[Data to use]

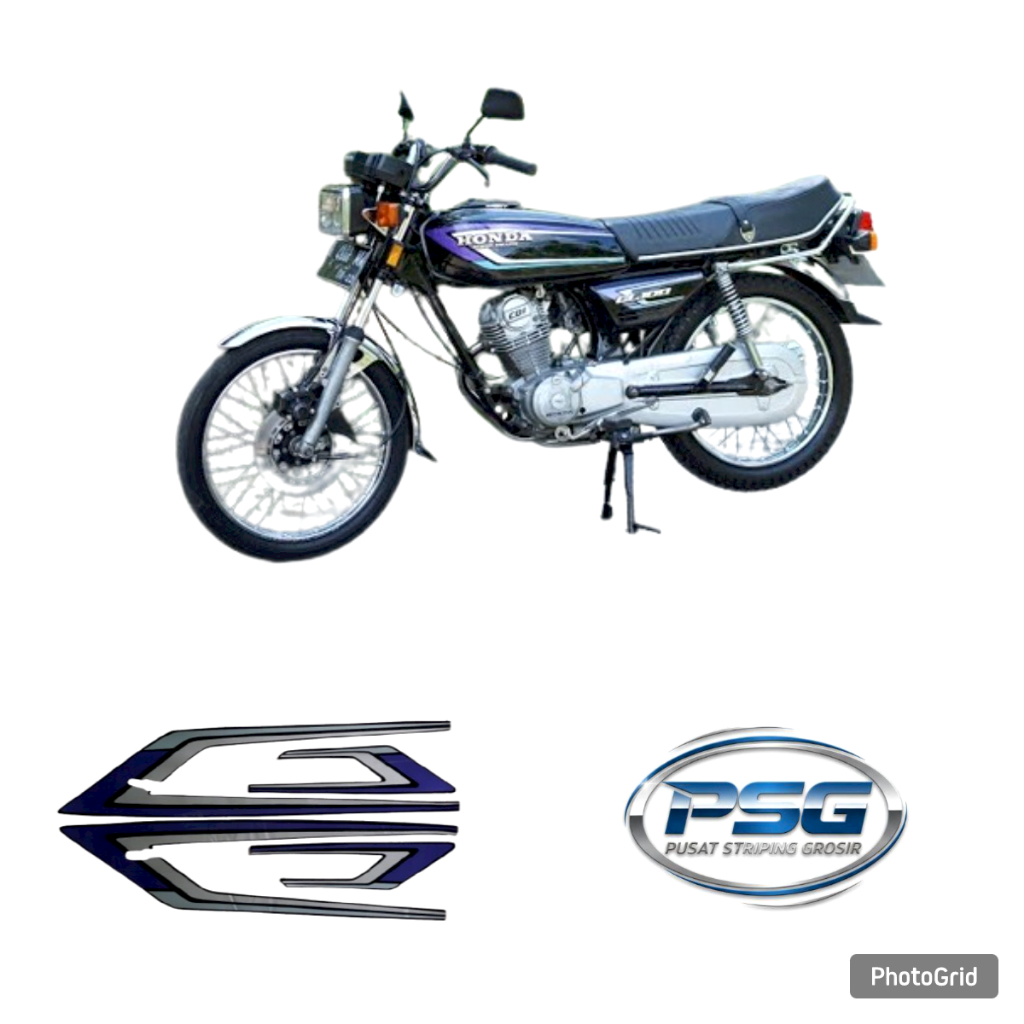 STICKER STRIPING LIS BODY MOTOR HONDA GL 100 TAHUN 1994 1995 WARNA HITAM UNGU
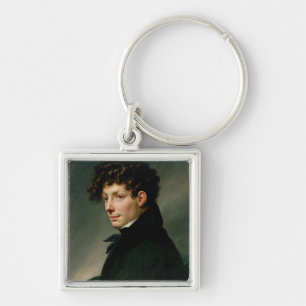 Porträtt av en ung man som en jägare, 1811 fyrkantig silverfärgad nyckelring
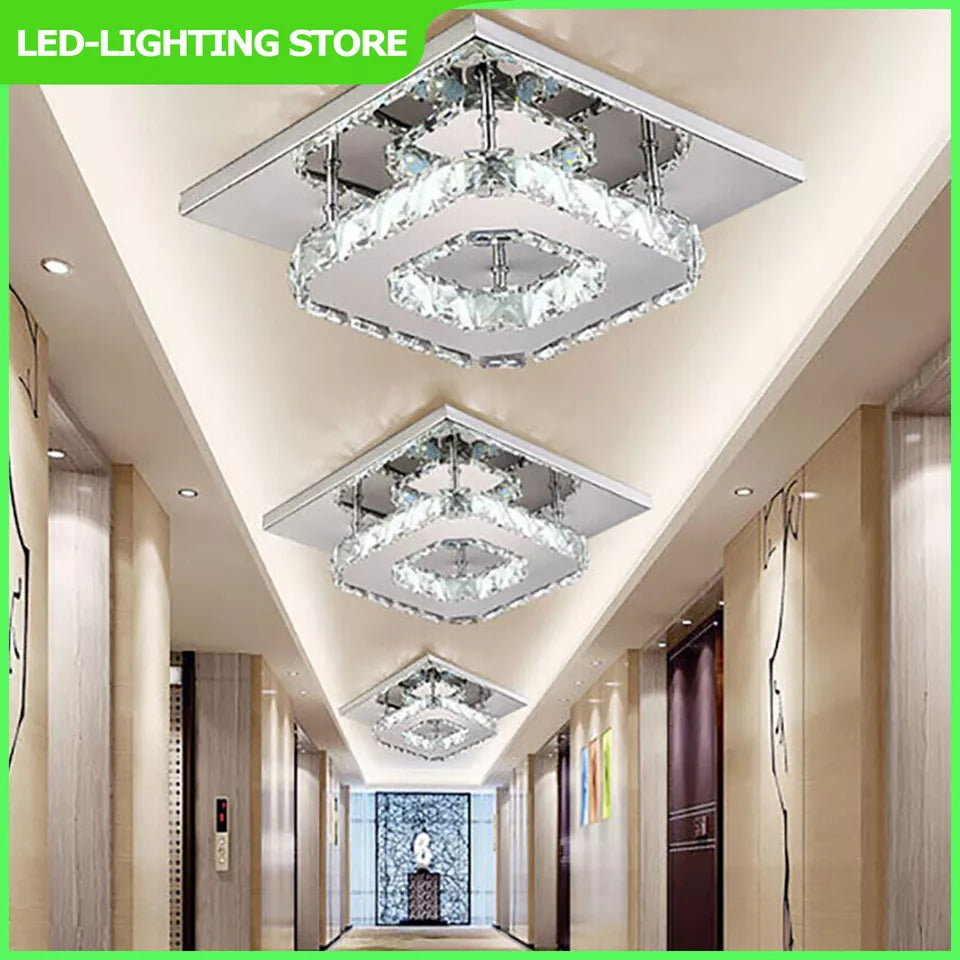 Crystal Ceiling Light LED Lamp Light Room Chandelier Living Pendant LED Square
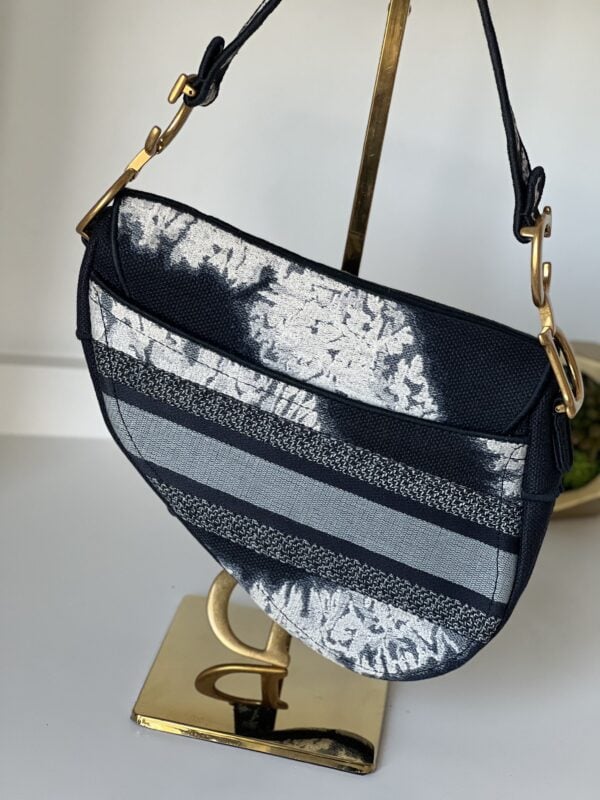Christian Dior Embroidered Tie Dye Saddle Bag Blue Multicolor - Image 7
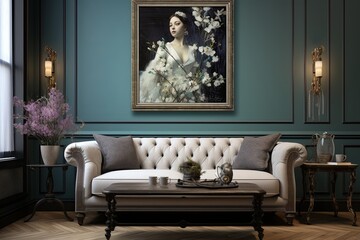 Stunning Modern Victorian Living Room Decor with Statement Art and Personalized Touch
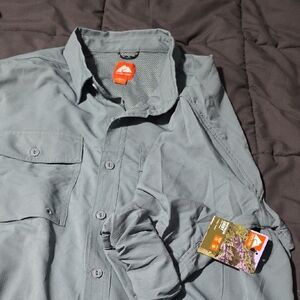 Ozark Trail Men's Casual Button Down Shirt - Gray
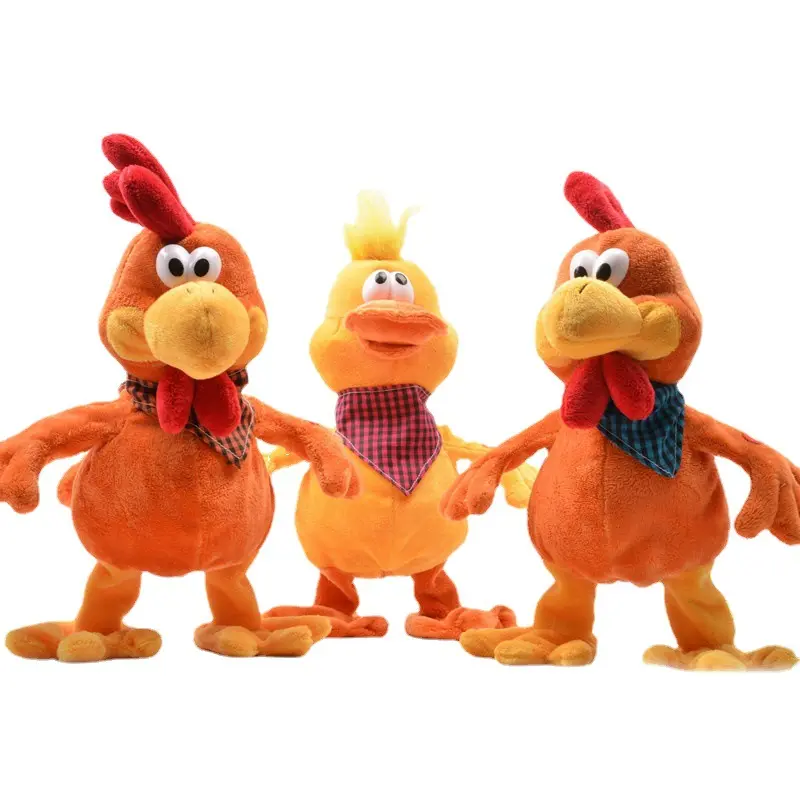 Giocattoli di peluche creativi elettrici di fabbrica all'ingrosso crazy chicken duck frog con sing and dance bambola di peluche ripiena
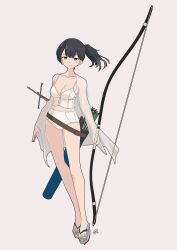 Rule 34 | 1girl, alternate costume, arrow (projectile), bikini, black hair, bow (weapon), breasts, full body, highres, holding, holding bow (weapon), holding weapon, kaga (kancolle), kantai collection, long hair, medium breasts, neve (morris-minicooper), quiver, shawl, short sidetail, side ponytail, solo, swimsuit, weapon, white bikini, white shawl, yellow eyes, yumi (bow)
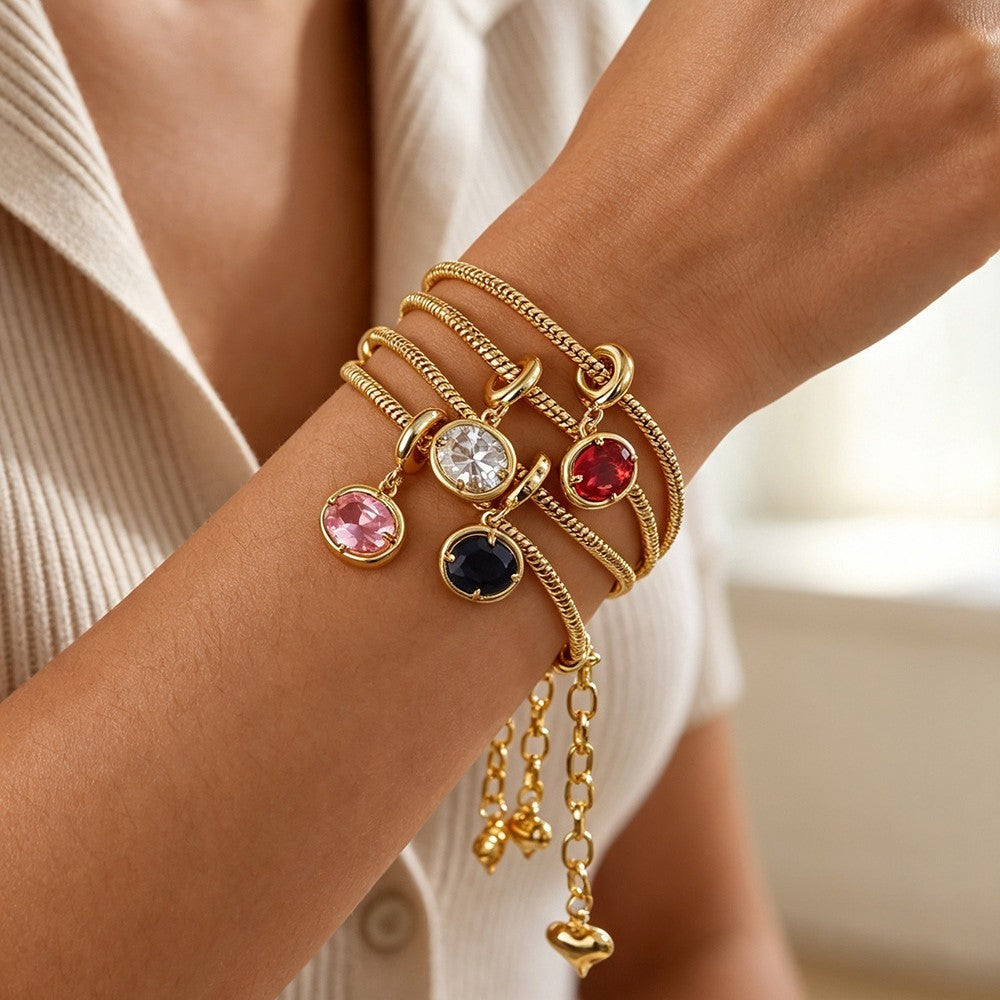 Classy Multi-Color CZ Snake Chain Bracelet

[/Data to use]

=== Problem to work on ===
Extract, word for word, every line from the one holding "Giocattoli di peluche" through the closing line of the data above. Do not include any pictures.

=== The answer ===
 Giocattoli di peluche creativi elettrici di fabbrica all'ingrosso crazy chicken duck frog con sing and dance bambola di peluche ripiena
 Rule 34 | 1girl, alternate costume, arrow (projectile), bikini, black hair, bow (weapon), breasts, full body, highres, holding, holding bow (weapon), holding weapon, kaga (kancolle), kantai collection, long hair, medium breasts, neve (morris-minicooper), quiver, shawl, short sidetail, side ponytail, solo, swimsuit, weapon, white bikini, white shawl, yellow eyes, yumi (bow)
 Classy Multi-Color CZ Snake Chain Bracelet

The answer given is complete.